Il rischio di sviluppare aneurisma e dissecazione aortica, nonché la loro rottura, è aumentato nei pazienti che ricevono contemporaneamente trattamento con corticosteroidi sistemici.
In caso di dolore improvviso all'addome, al torace o alla schiena, si deve raccomandare ai pazienti di rivolgersi immediatamente al medico presso un reparto di emergenza.
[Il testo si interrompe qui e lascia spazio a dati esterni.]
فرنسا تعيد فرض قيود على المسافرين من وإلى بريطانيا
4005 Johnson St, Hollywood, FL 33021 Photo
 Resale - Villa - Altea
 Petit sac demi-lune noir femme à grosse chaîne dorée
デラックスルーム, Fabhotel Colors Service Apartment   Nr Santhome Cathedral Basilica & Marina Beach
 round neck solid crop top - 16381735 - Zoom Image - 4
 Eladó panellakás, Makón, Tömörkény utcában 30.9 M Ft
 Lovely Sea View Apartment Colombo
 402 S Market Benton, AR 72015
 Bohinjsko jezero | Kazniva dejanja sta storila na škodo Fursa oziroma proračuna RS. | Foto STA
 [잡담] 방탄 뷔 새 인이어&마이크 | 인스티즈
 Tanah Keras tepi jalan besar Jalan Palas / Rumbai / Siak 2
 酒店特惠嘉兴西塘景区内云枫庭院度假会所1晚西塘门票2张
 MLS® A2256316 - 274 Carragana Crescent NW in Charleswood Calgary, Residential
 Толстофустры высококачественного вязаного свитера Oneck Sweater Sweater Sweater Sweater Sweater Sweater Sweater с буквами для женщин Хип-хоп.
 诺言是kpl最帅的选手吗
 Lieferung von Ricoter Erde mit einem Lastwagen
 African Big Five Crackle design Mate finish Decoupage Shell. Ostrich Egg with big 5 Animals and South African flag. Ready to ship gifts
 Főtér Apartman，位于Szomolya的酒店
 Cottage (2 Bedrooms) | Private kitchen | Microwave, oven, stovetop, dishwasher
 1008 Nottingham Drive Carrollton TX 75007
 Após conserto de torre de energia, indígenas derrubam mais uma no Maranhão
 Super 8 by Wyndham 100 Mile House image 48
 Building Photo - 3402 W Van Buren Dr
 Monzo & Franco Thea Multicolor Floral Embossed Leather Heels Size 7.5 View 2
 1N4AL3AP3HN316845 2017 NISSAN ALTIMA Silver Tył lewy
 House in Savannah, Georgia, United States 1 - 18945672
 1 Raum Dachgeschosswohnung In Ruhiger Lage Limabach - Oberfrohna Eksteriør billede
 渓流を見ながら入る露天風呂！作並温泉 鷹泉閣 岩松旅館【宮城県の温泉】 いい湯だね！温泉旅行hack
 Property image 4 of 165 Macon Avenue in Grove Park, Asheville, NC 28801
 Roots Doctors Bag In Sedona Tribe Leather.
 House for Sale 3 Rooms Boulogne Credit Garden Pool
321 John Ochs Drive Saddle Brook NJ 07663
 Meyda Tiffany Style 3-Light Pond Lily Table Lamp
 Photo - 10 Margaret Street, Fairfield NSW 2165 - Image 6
Si deve raccomandare ai pazienti di rivolgersi immediatamente al medico in caso di comparsa di dispnea acuta, palpitazioni nuove o gonfiore addominale o degli arti inferiori.
Disturbi visivi.
In caso di peggioramento della vista o di qualsiasi effetto percepito sugli occhi, si deve consultare immediatamente un medico.
Fotosensibilità.
È stato dimostrato che la ciprofloxacina causa reazioni di fotosensibilità. Ai pazienti in trattamento con ciprofloxacina si raccomanda di evitare l'esposizione diretta alla luce solare o alle radiazioni UV durante il trattamento (vedere sezione «Effetti indesiderati»).
Sistema nervoso centrale.
È noto che la ciprofloxacina, come altri chinoloni, può causare convulsioni o ridurre la soglia convulsiva. Sono stati riportati casi di stato epilettico. La ciprofloxacina deve essere usata con cautela nei pazienti con disturbi del sistema nervoso centrale (SNC) che possono predisporre alle convulsioni. In caso di comparsa di convulsioni, l'assunzione di ciprofloxacina deve essere interrotta (vedere sezione «Effetti indesiderati»). Reazioni psicotiche possono verificarsi anche dopo la prima somministrazione di ciprofloxacina. In singoli casi, depressione o psicosi possono progredire fino a pensieri e comportamenti suicidi, inclusi tentativi di suicidio. In tali casi, l'uso di ciprofloxacina deve essere interrotto.
Neuropatia periferica.
Nei pazienti che hanno assunto ciprofloxacina sono stati osservati casi di polineuropatia sensoriale o sensorimotoria, che hanno portato a parestesia, ipoestesia, disestesia o debolezza. Ai pazienti in trattamento con ciprofloxacina si deve raccomandare di informare il proprio medico prima di continuare il trattamento se si sviluppano sintomi di neuropatia, come dolore, bruciore, formicolio, intorpidimento o debolezza, per prevenire lo sviluppo di uno stato potenzialmente irreversibile (vedere sezione «Effetti indesiderati»).
Disturbi cardiaci.
I fluorochinoloni, inclusa la ciprofloxacina, devono essere usati con cautela nei pazienti con fattori di rischio di allungamento dell'intervallo QT, in particolare:
- in caso di sindrome QT congenita;
- in caso di assunzione concomitante di farmaci che possono allungare l'intervallo QT (ad es. antiaritmici di classe IA e III, antidepressivi triciclici, macrolidi, neurolettici);
- in caso di squilibrio elettrolitico non corretto (ad es. ipokaliemia, ipomagnesiemia);
- in caso di malattie cardiache (ad es. insufficienza cardiaca, infarto miocardico, bradicardia).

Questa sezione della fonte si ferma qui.